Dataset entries
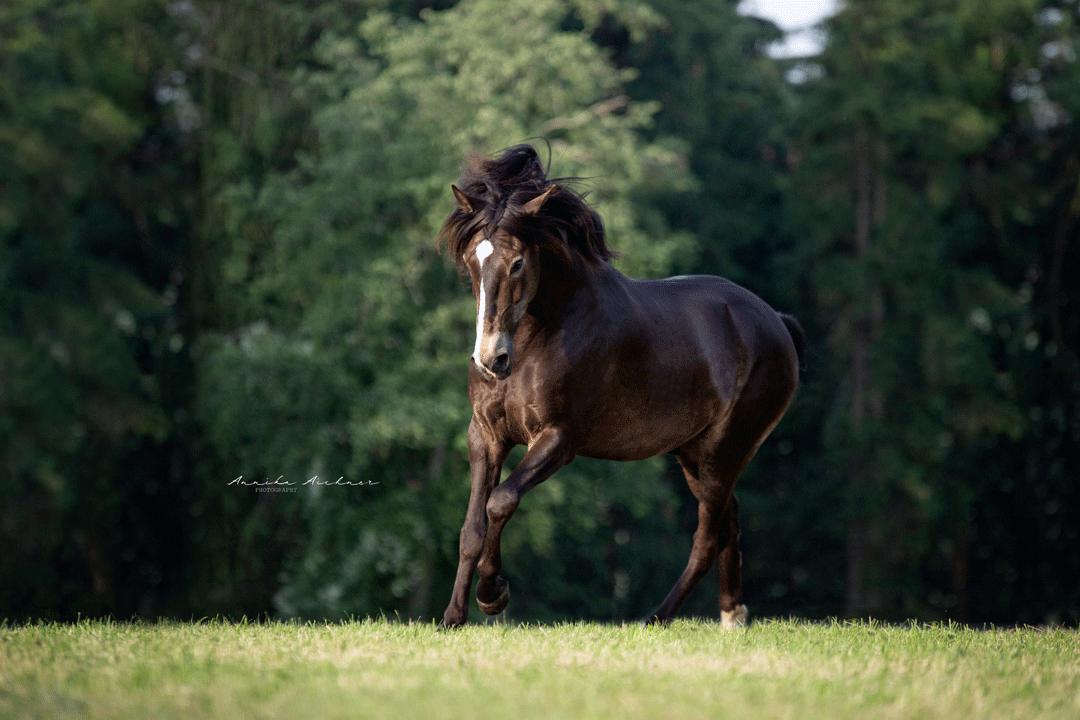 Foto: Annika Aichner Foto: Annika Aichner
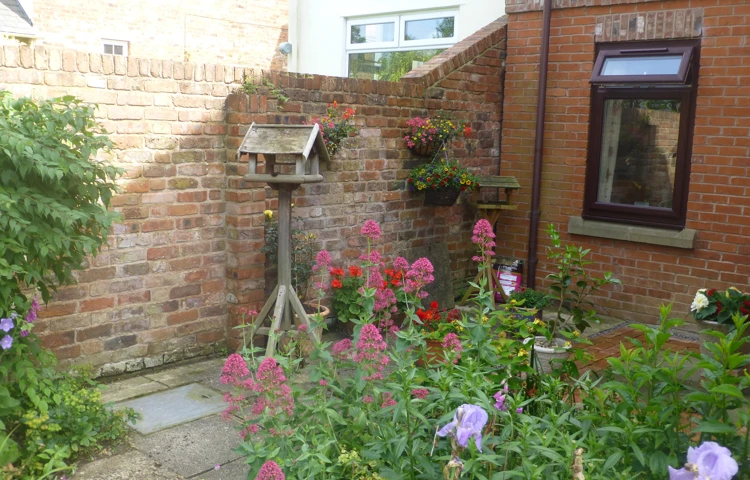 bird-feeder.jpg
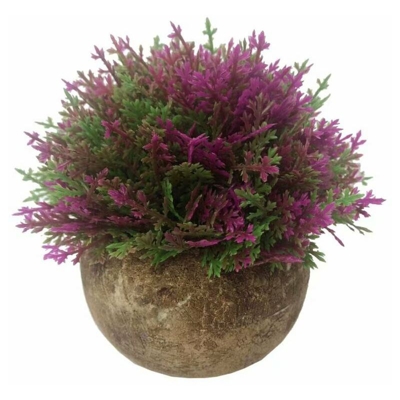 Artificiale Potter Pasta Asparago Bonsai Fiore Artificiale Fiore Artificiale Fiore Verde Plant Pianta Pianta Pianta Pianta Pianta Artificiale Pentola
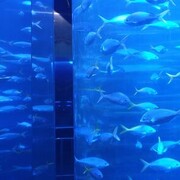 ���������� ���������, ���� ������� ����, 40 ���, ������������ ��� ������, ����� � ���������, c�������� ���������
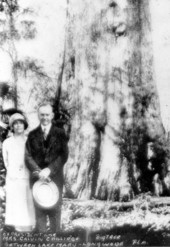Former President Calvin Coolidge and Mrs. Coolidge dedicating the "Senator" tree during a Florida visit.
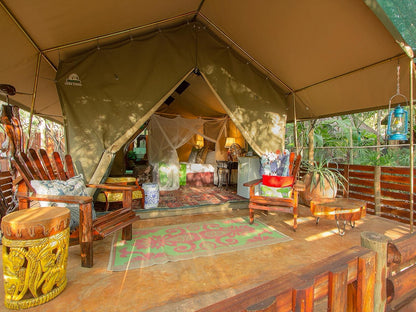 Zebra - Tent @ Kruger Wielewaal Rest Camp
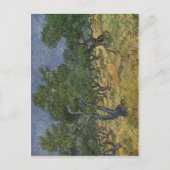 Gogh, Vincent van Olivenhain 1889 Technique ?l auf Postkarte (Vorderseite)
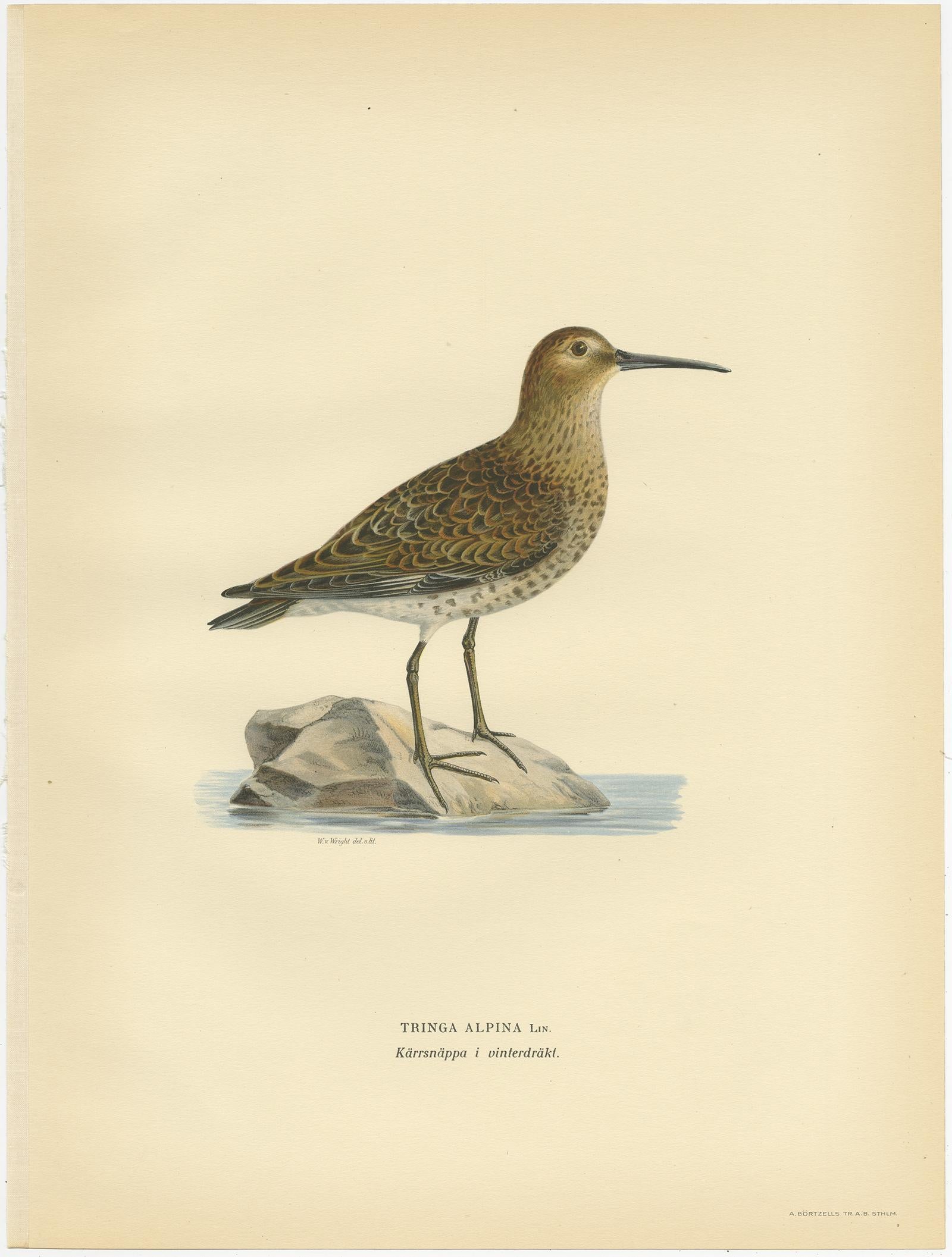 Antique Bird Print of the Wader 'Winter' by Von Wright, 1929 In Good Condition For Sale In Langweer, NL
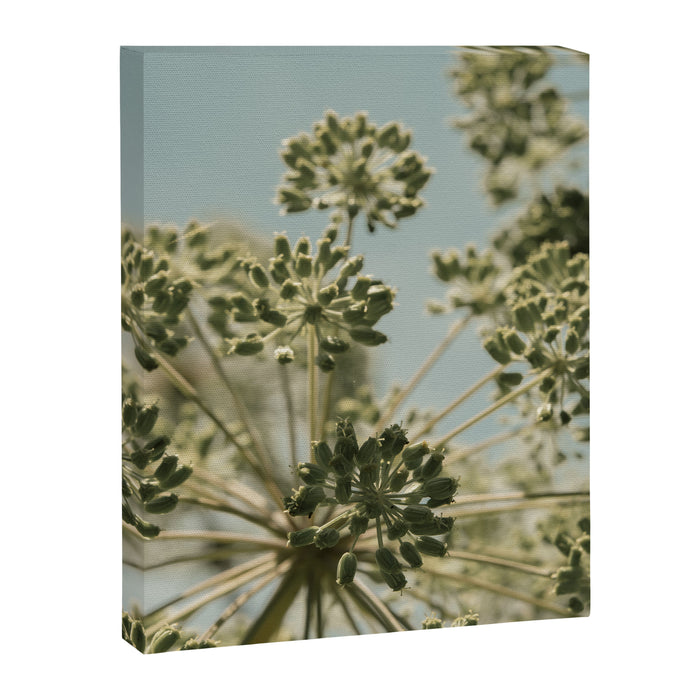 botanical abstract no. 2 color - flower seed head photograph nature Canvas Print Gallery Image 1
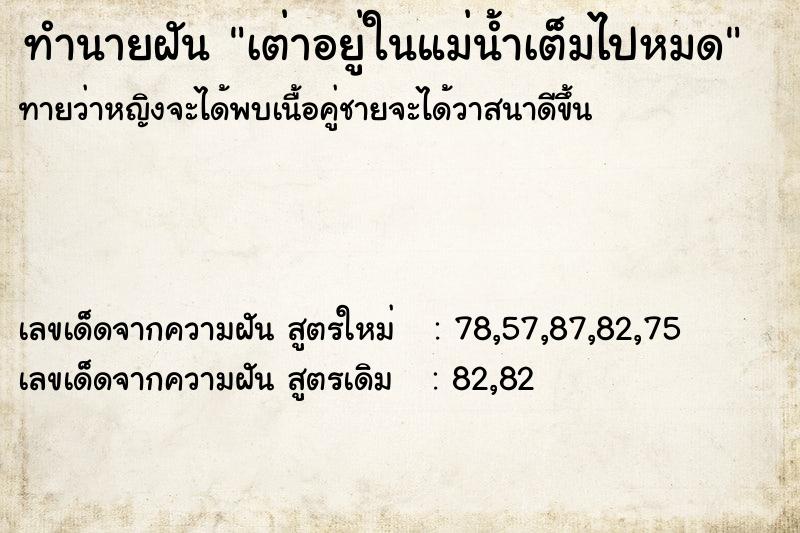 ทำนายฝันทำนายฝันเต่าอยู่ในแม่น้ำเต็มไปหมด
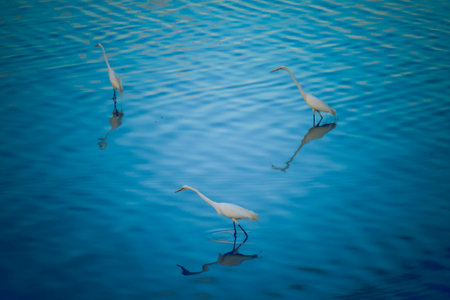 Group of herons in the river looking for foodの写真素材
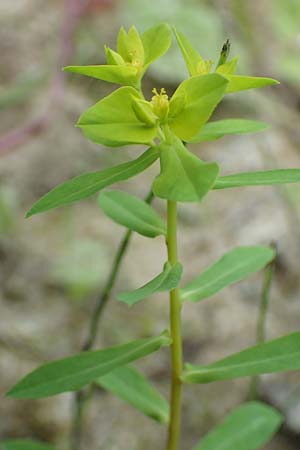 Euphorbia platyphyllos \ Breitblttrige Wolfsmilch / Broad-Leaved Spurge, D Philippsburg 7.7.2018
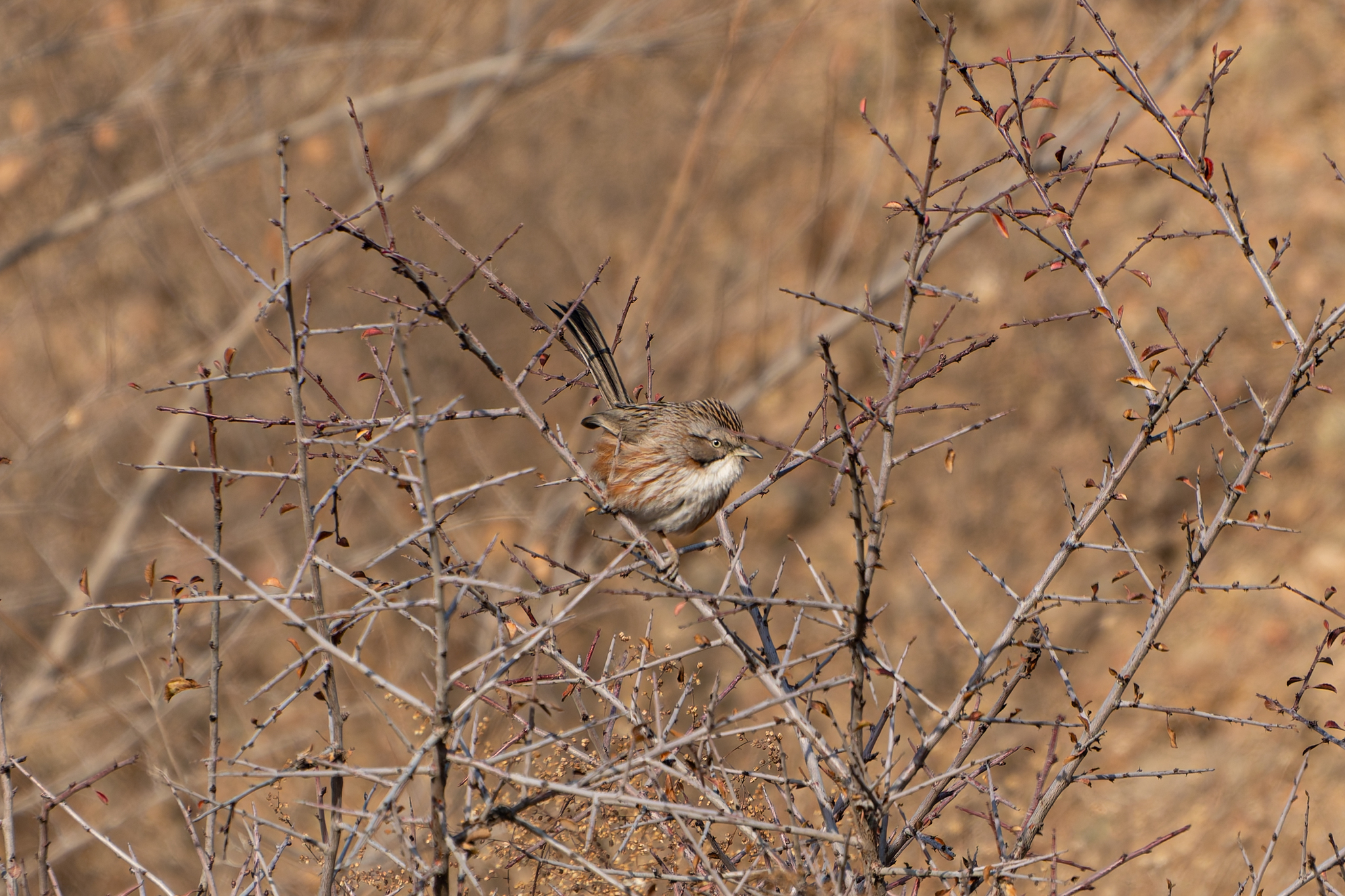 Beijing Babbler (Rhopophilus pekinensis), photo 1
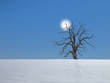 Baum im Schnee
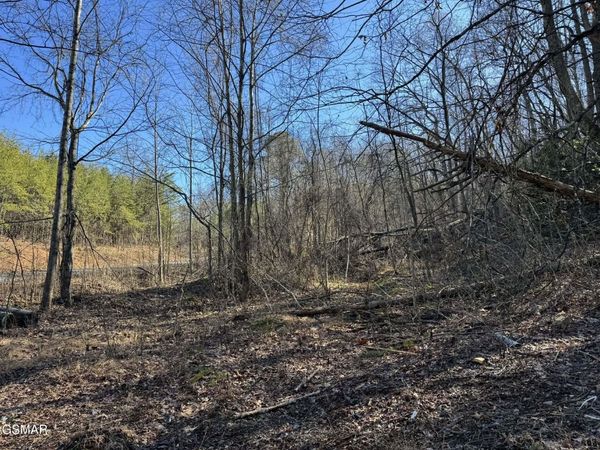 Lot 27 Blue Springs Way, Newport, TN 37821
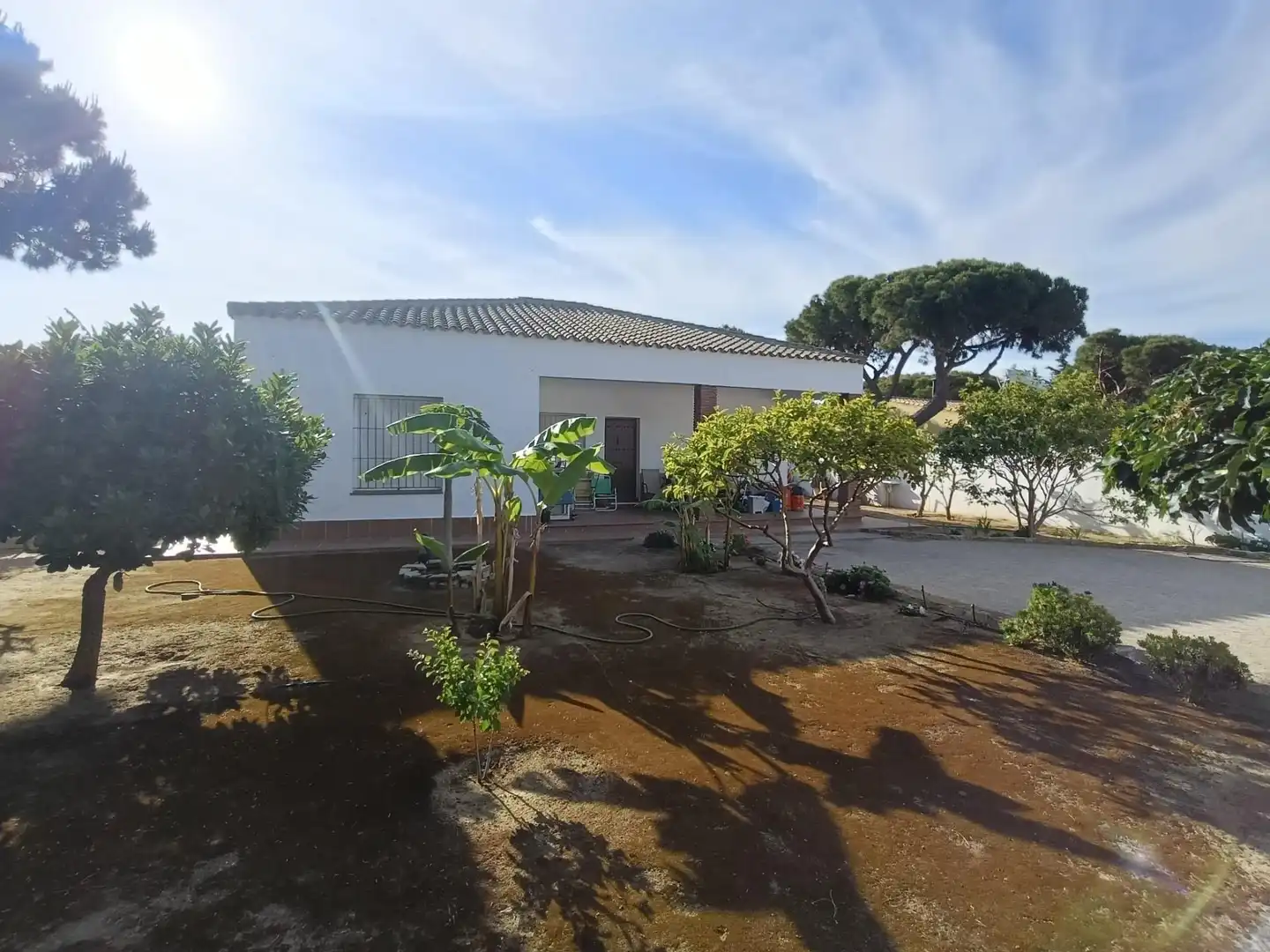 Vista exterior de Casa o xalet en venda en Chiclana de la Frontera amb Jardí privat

> _Task to complete_:
Transcribe, without alteration, each line from the one with "ทำนายฝันทำนายฝ" through the last line of the data; no pictures belong in the copy.

> _Worked solution_:
 ทำนายฝันทำนายฝันเต่าอยู่ในแม่น้ำเต็มไปหมด
 Group of herons in the river looking for foodの写真素材
 Euphorbia platyphyllos \ Breitblttrige Wolfsmilch / Broad-Leaved Spurge, D Philippsburg 7.7.2018
 Beijing Babbler (Rhopophilus pekinensis), photo 1
 Baum im Schnee
 Lot 27 Blue Springs Way, Newport, TN 37821
 Vista exterior de Casa o xalet en venda en Chiclana de la Frontera amb Jardí privat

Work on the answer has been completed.